### SUPPLIED RECORDS ###

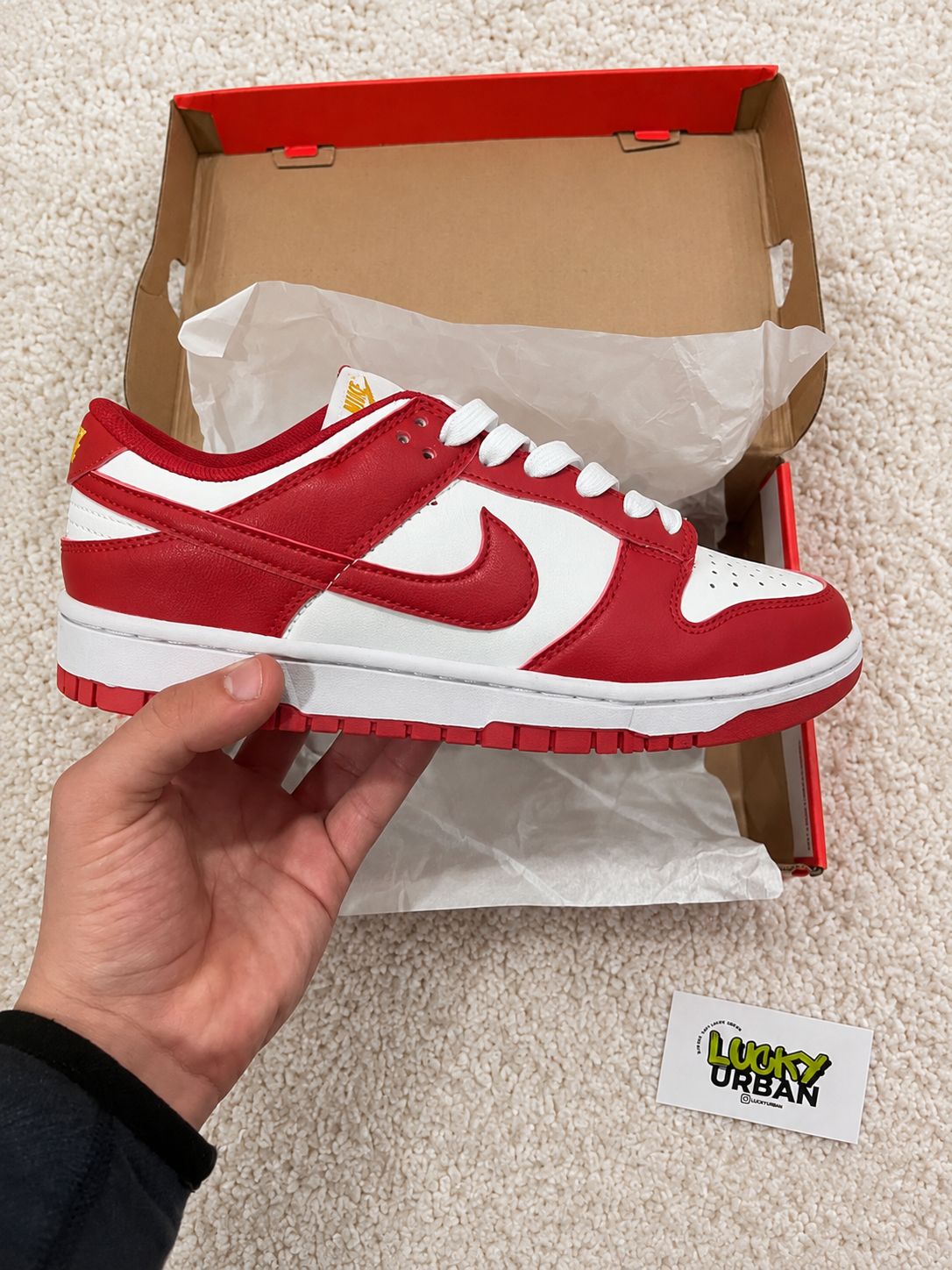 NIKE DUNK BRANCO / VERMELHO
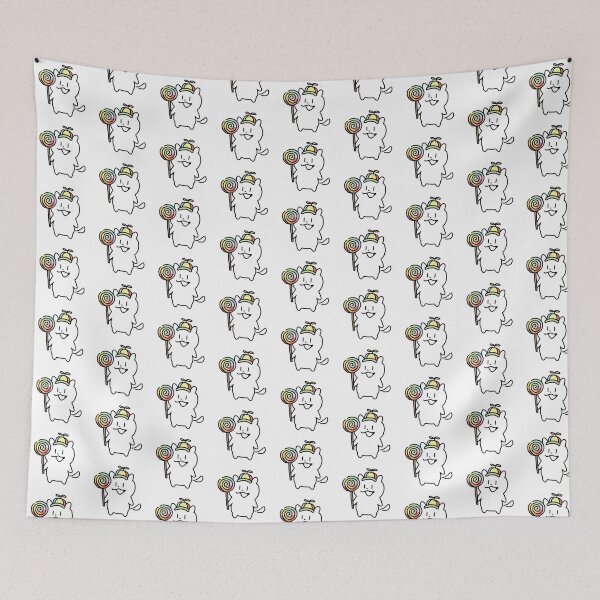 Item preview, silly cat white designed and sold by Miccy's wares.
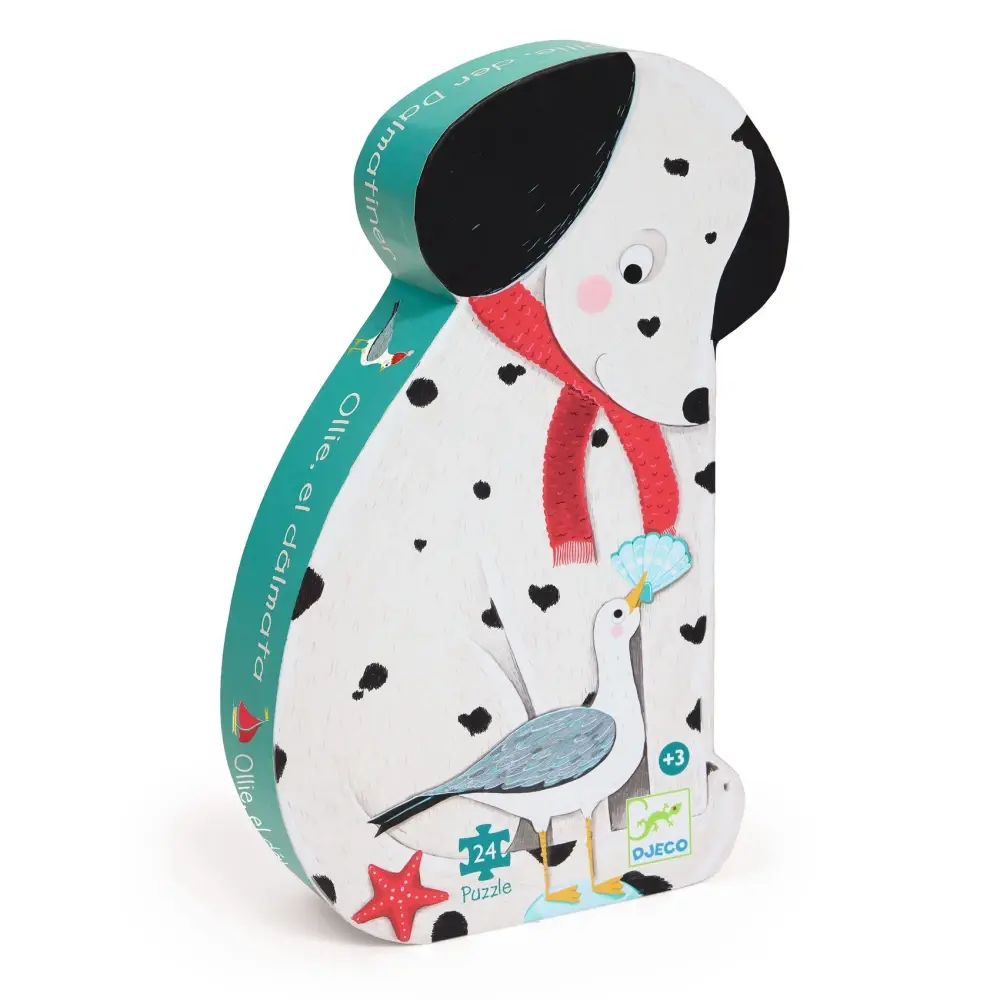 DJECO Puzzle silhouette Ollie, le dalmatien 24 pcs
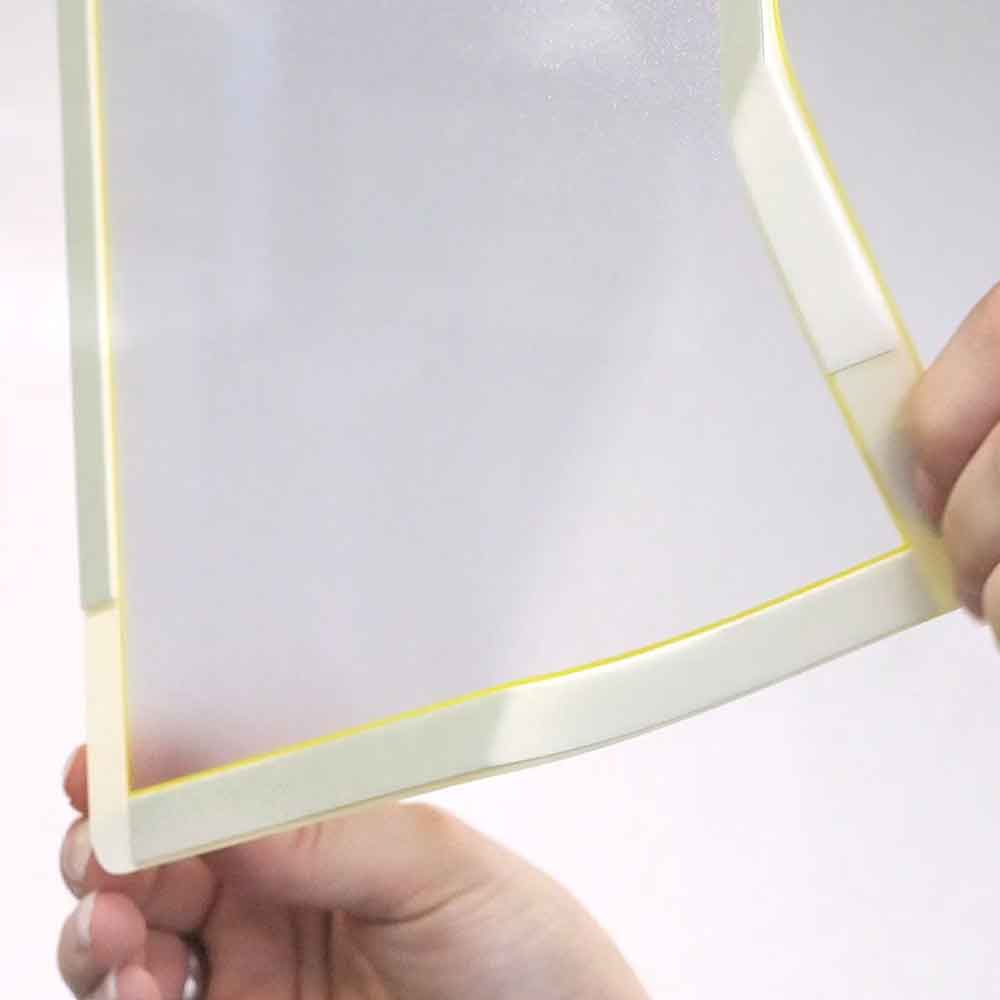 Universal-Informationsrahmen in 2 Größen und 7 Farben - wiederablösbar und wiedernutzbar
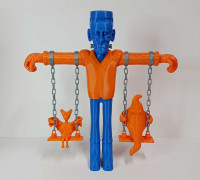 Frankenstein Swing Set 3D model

###

TASK: Every line from the one holding "Item preview, silly" through the end of the records above must be reproduced verbatim, pictures excepted.

TASK RESULT:
 Item preview, silly cat white designed and sold by Miccy's wares.
 DJECO Puzzle silhouette Ollie, le dalmatien 24 pcs
 Universal-Informationsrahmen in 2 Größen und 7 Farben - wiederablösbar und wiedernutzbar
 Frankenstein Swing Set 3D model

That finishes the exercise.